To my amazement, the Baltimore Sun managed to get some newspapers delivered earlier this week — in between the record-shattering snow storms that keep rolling through the Mid-Atlantic region. As I type this, we are in the middle of storm No. 3. and, OMG, the word “snow” is in the Monday forecast.

As I dug into that thin Monday newspaper, I was struck by the power of a story that appeared under the headline, “One man’s fight against redlining.” Here’s the top of that piece:

A small paid notice in Wednesday’s Sun announced the death of Anne Irene Ruth Salzman at Charlestown Retirement Community.

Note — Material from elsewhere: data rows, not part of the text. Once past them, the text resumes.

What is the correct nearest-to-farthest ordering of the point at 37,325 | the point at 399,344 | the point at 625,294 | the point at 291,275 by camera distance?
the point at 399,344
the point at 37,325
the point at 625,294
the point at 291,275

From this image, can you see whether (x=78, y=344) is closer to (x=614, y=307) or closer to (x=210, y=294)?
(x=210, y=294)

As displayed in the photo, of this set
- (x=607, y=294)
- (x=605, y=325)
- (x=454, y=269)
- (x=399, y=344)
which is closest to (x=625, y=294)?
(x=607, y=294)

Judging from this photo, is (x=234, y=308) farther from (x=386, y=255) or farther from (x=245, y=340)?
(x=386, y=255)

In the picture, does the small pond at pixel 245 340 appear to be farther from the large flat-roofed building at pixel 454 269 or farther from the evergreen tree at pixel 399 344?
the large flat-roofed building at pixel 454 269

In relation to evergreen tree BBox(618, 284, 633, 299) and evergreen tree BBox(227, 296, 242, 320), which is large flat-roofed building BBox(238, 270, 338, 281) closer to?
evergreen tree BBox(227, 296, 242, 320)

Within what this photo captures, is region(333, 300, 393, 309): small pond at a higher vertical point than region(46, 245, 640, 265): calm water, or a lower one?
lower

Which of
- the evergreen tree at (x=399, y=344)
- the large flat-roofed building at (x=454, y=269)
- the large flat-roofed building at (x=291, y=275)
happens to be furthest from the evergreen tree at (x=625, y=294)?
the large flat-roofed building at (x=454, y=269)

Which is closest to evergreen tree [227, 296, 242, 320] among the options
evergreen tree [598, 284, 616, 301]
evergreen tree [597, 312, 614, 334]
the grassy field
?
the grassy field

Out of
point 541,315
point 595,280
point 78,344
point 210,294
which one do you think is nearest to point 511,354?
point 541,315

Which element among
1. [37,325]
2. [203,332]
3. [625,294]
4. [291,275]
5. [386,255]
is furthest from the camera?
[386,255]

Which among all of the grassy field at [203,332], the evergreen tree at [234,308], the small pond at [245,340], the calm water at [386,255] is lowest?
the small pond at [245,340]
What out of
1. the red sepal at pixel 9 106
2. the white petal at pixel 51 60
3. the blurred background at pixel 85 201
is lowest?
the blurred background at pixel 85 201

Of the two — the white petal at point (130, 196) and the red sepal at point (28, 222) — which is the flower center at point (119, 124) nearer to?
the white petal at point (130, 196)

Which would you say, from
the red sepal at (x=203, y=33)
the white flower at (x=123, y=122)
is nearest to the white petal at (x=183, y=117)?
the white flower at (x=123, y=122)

She was 97 and “was preceded in death by her husband of fifty years, Sidney Salzman,” the notice said.

Missing was the rest of the story — how the Salzmans in 1941 fought the Federal Housing Administration for the right to live in a neighborhood of their own choosing. Much has changed since then, but studies suggest that each year millions of Americans still face similar discrimination — not by the government, perhaps, but by the real estate marketplace.

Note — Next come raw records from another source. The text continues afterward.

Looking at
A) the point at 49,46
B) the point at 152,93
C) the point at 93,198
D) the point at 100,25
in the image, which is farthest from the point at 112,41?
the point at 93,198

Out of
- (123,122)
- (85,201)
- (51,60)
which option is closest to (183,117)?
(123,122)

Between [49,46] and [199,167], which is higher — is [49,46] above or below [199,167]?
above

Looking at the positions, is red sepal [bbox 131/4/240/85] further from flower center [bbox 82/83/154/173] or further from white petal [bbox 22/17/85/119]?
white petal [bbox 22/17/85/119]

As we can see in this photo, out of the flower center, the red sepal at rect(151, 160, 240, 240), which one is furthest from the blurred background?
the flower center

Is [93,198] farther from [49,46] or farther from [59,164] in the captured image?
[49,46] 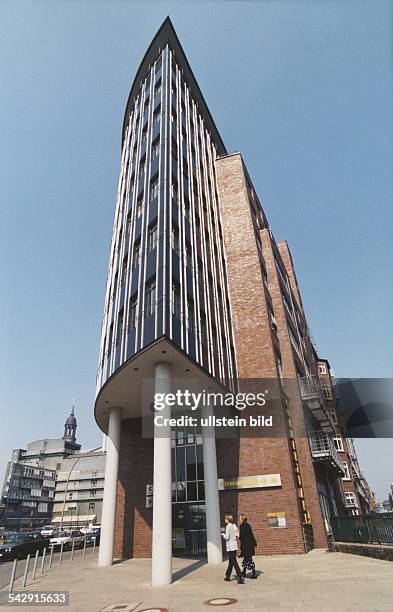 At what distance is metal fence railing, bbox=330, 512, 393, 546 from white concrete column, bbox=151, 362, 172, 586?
7608 mm

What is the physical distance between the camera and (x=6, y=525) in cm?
7844

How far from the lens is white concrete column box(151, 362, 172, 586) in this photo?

In 1941, Anne Salzman and her husband wanted to buy 821 Glen Allen Drive, one of seven foreclosed houses in Hunting Ridge, a neighborhood off Edmondson Avenue. Four years earlier, the federal government had prepared lending risk maps for Baltimore and 238 other American cities from coast to coast. It had given to Hunting Ridge its highest ranking, the same rating it bestowed on Guilford, Homeland and Rodgers Forge. Under federal guidelines, such mostly Protestant neighborhoods generally barred “inharmonious elements” — African-Americans and Jews.

In Hunting Ridge, though, the homeowners’ covenant against Jews had expired in 1940.

Sidney Salzman was Jewish and his wife was a Christian and they had always managed to live in Gentile neighborhoods. The bureaucrats were “not impressed.”

Mr. Salzman decided to fight. He repeatedly offered purchase prices verbally suggested by FHA officials, proposing to put nearly half the money down. He was refused each time, even though he had been pre-approved for a mortgage, according to documents in the possession of University of Maryland, Baltimore County professor W. Edward Orser.

Finally, one official, “with evident embarrassment … gave as reason for the turning down of my offer the fact of my Jewish extraction, that it was thought best not to sell one of these properties in a restricted neighborhood to me, that it might affect the sale of other properties, and that the [Charles] Steffey Co. real estate brokers handling the properties strenuously objected to such sale to me, on the same grounds.”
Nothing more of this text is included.